Data provided:
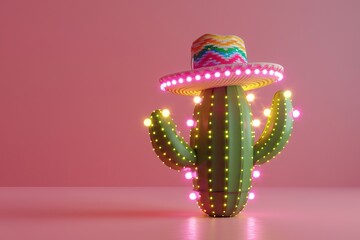 Mexican cactus in a sombrero hat on a pink background, Cinco de Mayo. Generative AI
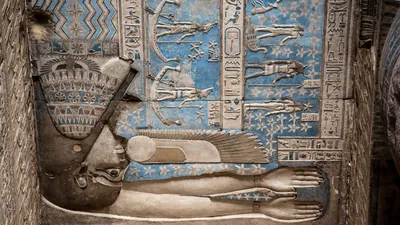 Colorful ceiling relief of sky goddess Nut in the Temple of Dendera, Egypt, showing ancient Egyptian mythology in vivid paintwork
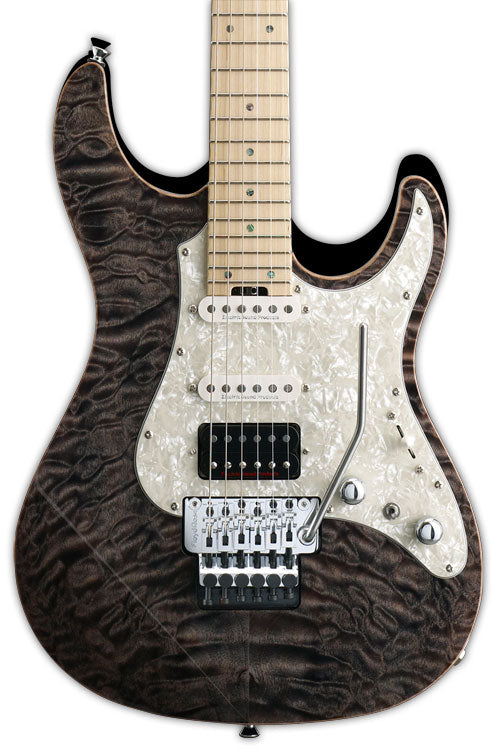 ESP Snapper-CTM24-FR/M - See Thru Black with White Pearl Black (SNAPPERCTM24FRM)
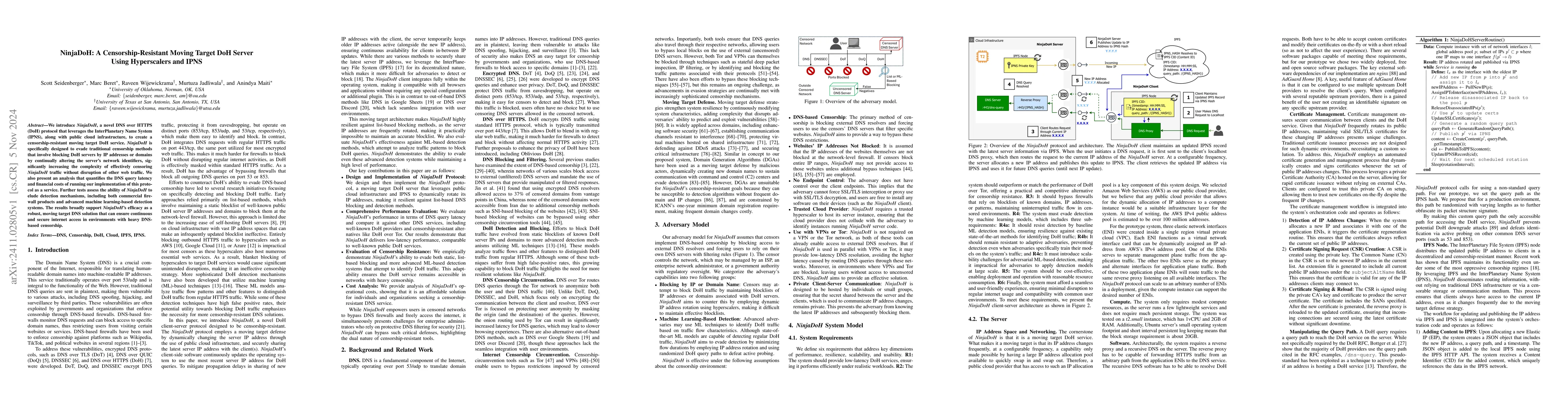 Thumbnail for NinjaDoH: A Censorship-Resistant Moving Target DoH Server Using
  Hyperscalers and IPNS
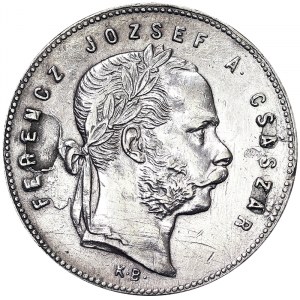 Austria, Austro-Węgry, Franciszek Józef I (1848-1916), 1 forint 1869, Kremnitz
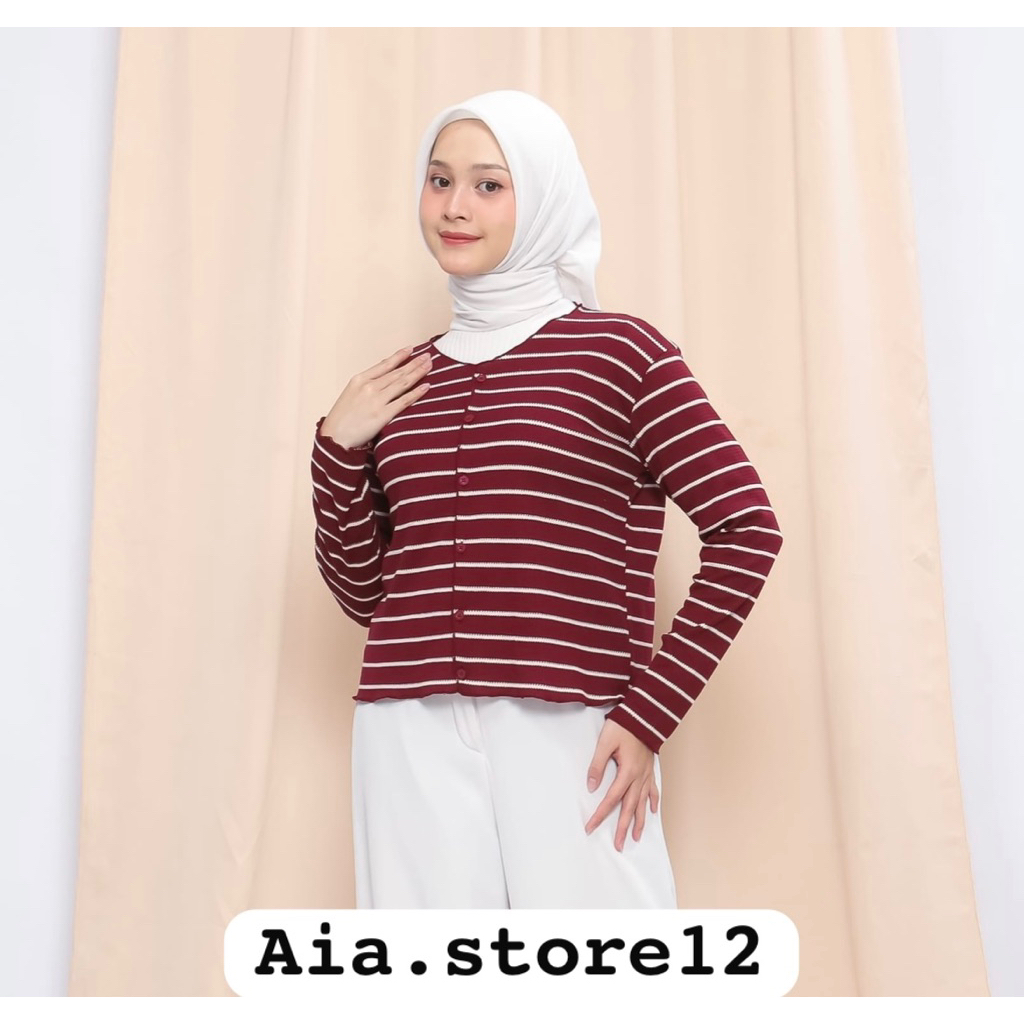 Aia.Store12 | เสื้อคาร์ดิแกนวาฟเฟิลลายทางสไตล์เกาหลี | เสื้อคาร์ดิแกนเสื้อครอปสําหรับผู้หญิง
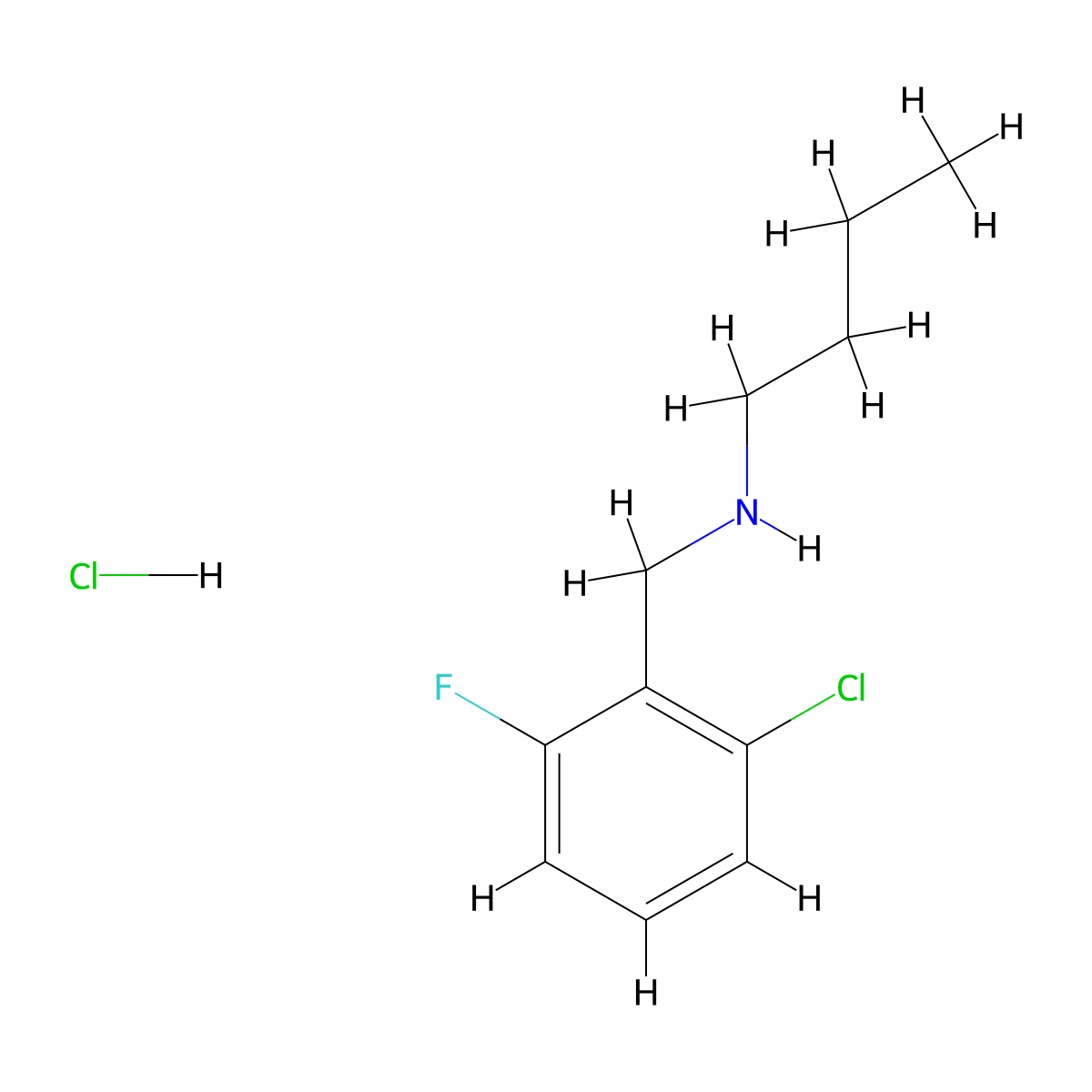 Butyl[(2-chloro-6-fluorophenyl)methyl]amine hydrochloride molecular structure, CAS 1158336-97-0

Prompt: Word for word, please, restate the lines of the listing from the one holding "ESP Snapper-CTM24-FR/M - See" down to the last line, leaving out any pictures.

Task solution:
 ESP Snapper-CTM24-FR/M - See Thru Black with White Pearl Black (SNAPPERCTM24FRM)
 Thumbnail for NinjaDoH: A Censorship-Resistant Moving Target DoH Server Using
  Hyperscalers and IPNS
 Austria, Austro-Węgry, Franciszek Józef I (1848-1916), 1 forint 1869, Kremnitz
 Aia.Store12 | เสื้อคาร์ดิแกนวาฟเฟิลลายทางสไตล์เกาหลี | เสื้อคาร์ดิแกนเสื้อครอปสําหรับผู้หญิง
 Butyl[(2-chloro-6-fluorophenyl)methyl]amine hydrochloride molecular structure, CAS 1158336-97-0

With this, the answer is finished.